### PROMPT:
Aside from the pictures, copy the listing exactly.

### GIVEN MATERIAL:
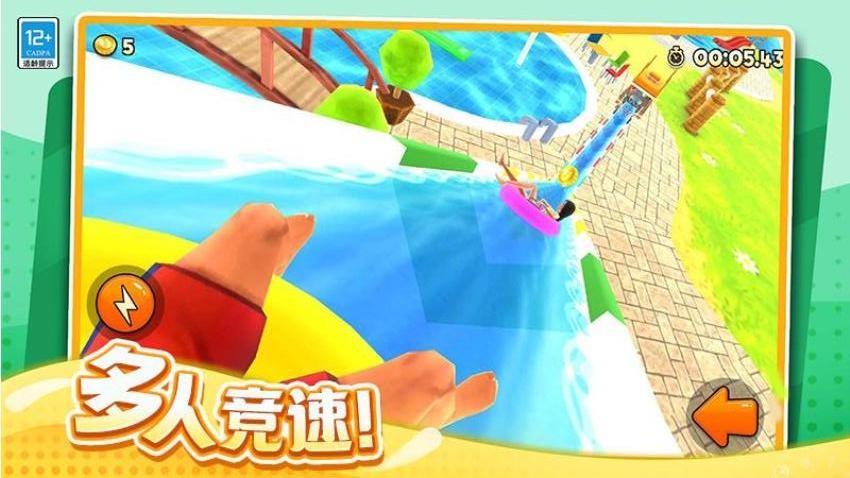 超刺激水上乐园游戏2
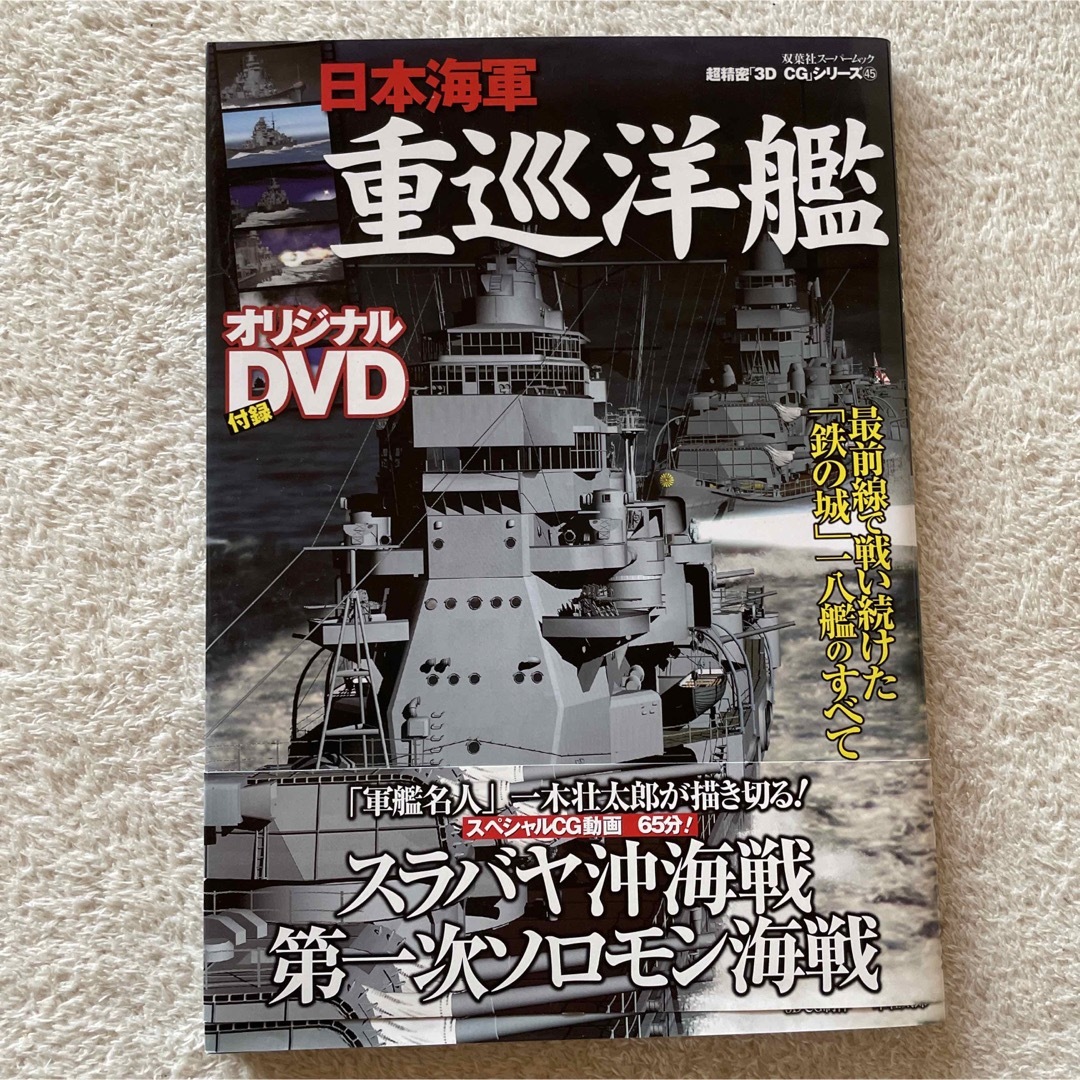 日本海軍重巡洋艦 エンタメ/ホビーの本(趣味/スポーツ/実用)の商品写真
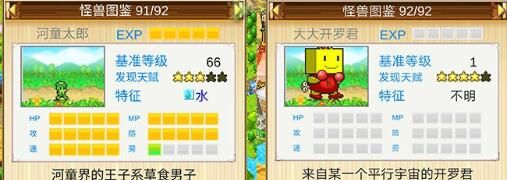 开拓神秘岛电车岛宠物大全 捕捉地点一览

### SOLUTION TO THIS PROBLEM:
 超刺激水上乐园游戏2
 日本海軍重巡洋艦 エンタメ/ホビーの本(趣味/スポーツ/実用)の商品写真
 开拓神秘岛电车岛宠物大全 捕捉地点一览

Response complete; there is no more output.